Leave out every picture, and output exactly the lines from the line containing "Powered paragliders from" through the last line of the data.

__________

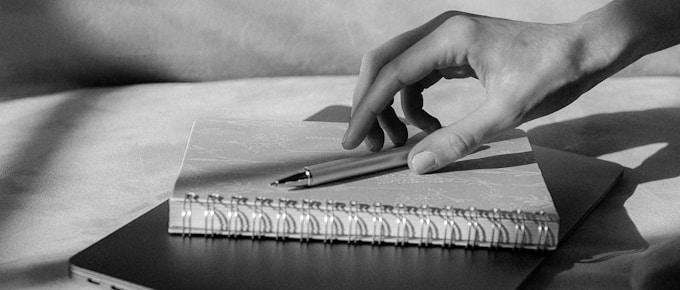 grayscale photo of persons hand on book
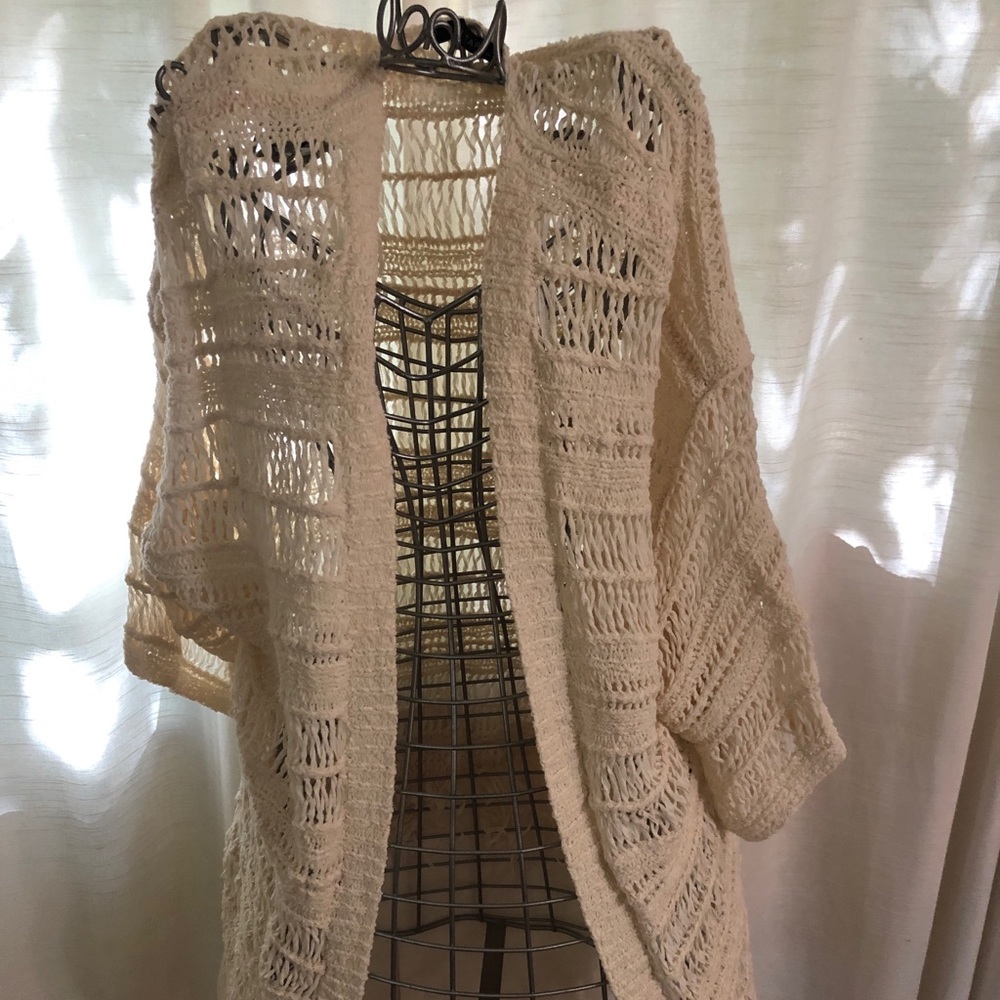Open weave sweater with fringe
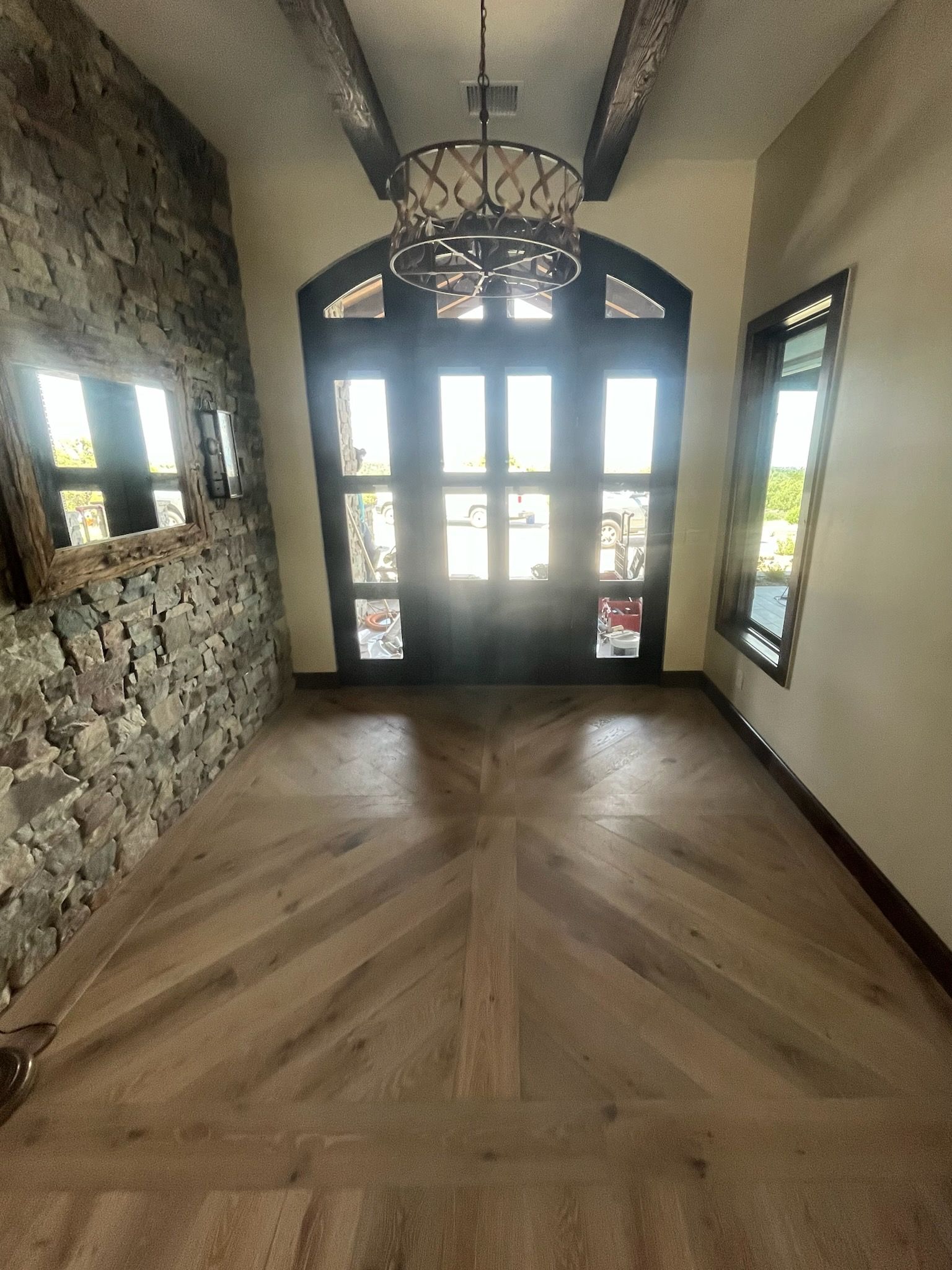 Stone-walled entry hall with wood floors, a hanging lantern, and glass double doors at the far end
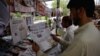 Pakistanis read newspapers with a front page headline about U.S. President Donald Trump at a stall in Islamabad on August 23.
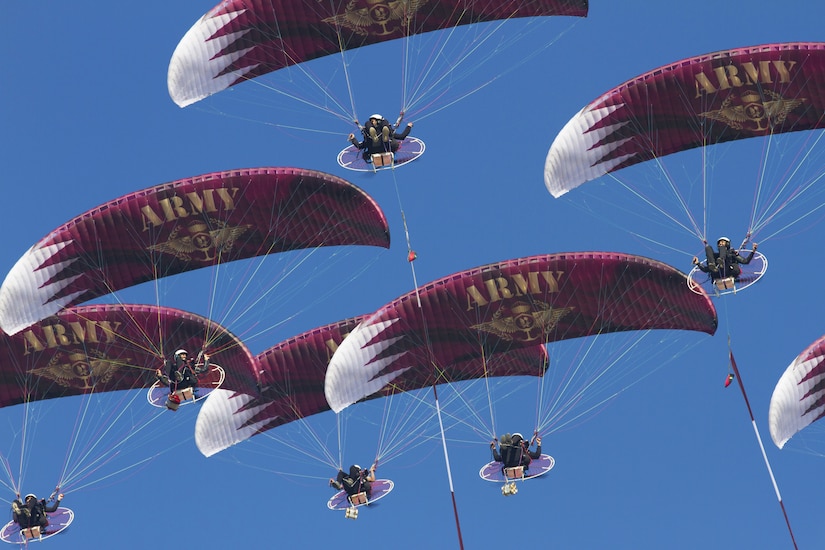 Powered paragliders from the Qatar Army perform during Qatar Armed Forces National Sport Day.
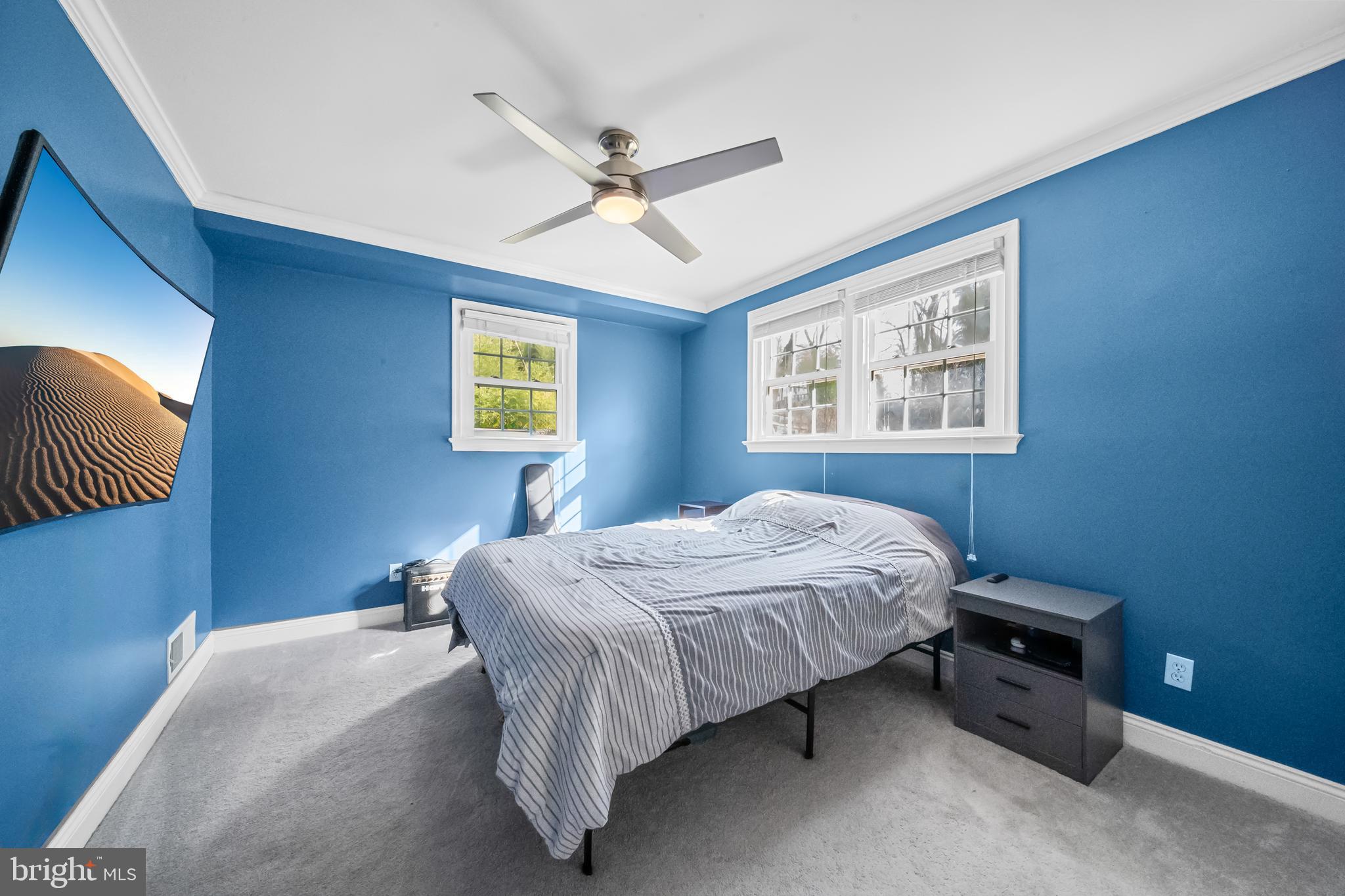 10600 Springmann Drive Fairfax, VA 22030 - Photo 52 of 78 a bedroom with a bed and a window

__________

◆ **Answer to the problem**:
 Powered paragliders from the Qatar Army perform during Qatar Armed Forces National Sport Day.
 10600 Springmann Drive Fairfax, VA 22030 - Photo 52 of 78 a bedroom with a bed and a window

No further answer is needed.